Depuis plus d'un an, Patrice Lesparre illustre les couvertures de Capt'ain Swing. J'ai pensé que c'était peut-être le moment de mieux le connaître. Je lui ai donc posé quelques questions et il a eu la gentillesse d'y répondre :

Pat dédicaçant à Cluny (Photo D. Vallet)

On connait un peu Patrice Lesparre le dessinateur, parle-nous de Patrice Lesparre, l'être humain. Qu'est-ce qui t'a amené au dessin ? Quelles sont tes autres centres d'intérêts ?
C'est le fait de lire des bd qui m'a naturellement amené au dessin. Dès que j'ai en gros maîtrisé la lecture, vers l'âge de 6 ans, j'en ai consommé des tas, essentiellement des pf et Pif gadget. J'ai très vite commencé à les collectionner avec passion, et c'est encore le cas aujourd'hui. Comme beaucoup de gosses, je recopiais des séquences de ces illustrés. Je n'ai jamais totalement arrêté par la suite de dessiner, mais en dilettante, jusqu'en 2000. Je ne crois pas être un pur dessinateur, bien que j'ai toujours aimé dessiner. Un dessineux invétéré gratte sans arrêt, ça n'a jamais été mon cas jusqu'à ma rencontre avec Semic, en 1999. C'est seulement à partir de ce moment-là que j'ai dessiné régulièrement. Ce qui me fait kiffer, c'est de créer des univers fictionnels, de raconter des histoires, dans un support bd autant que possible. Je n'imagine pas vivre sans ça. Mais dessiner n'est pas obligatoirement mon seul objectif. Après avoir quitté l'école, sans gloire ni diplôme pour cause d'égarement dans les travers habituels du milieu punk, j'ai été animateur radio, puis créatif en agence de pub. Finalement, en 1992, je me suis mis à mon compte en tant qu'illustrateur. Ma seule autre passion est la musique rock en général, punk en particulier. Cela tient une grande place dans ma vie depuis l'adolescence, en tant que spectateur et acteur. Avec le temps, par ailleurs, je me découvre un intérêt plus vif pour le cinéma, du côté de la mise en scène.

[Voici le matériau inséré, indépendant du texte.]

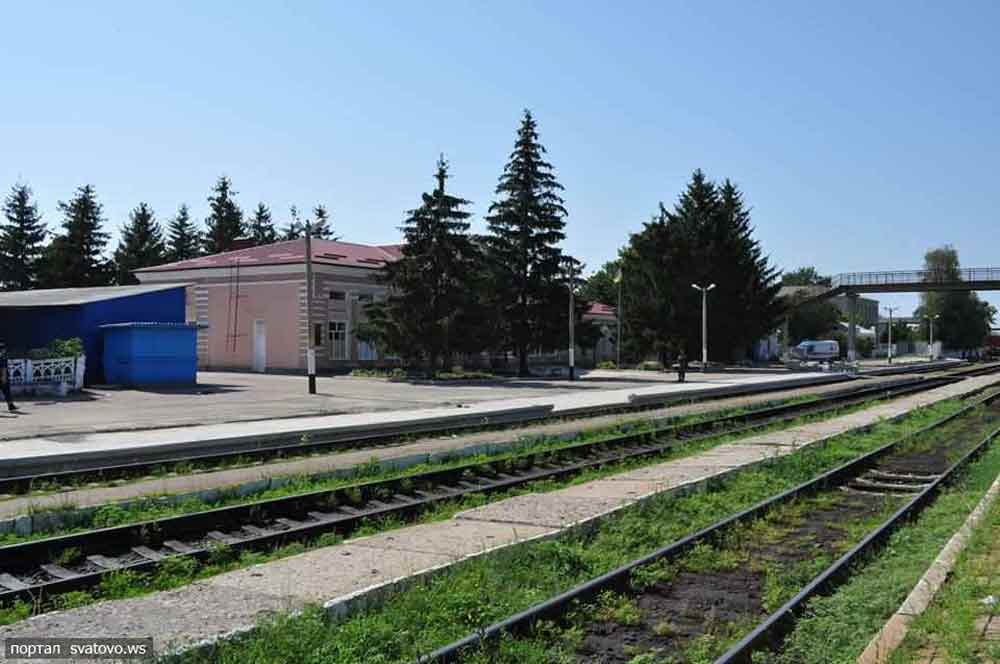 Стара будівля станції Сватове, рейки йдуть у далечінь, світанок, зелене світло семафора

On t'a découvert avec la saga de Dharkold dans Sp. Zembla. Peux-tu nous dire si tu avais fait autre chose avant ?
Non, je n'avais jamais rien publié en "pro". Juste des taffs locaux pas toujours en rapport avec la bd, et deux épisodes chez une asso comics nommée Sugar Studio. Avant de commencer à bosser avec Semic, je me croyais naïvement plutôt bon dessinateur. Lorsque j'ai vu mes premiers travaux publiés en petit format, j'ai réalisé, un peu horrifié, que je n'étais même pas "moyen". La réduction, assassine pour les défauts, et la comparaison avec certaines autres productions voisines, très pro, elles, tout cela m'a vite remis les pieds sur terre. Merci, au passage, à Thierry Mornet qui a misé sur Dharkold malgré les carences graphiques de la série. J'ai pu ainsi participer à la belle aventure Semic, me faire les dents pour arriver jusqu'à aujourd'hui... Et donner vie à ma première création perso en 2000.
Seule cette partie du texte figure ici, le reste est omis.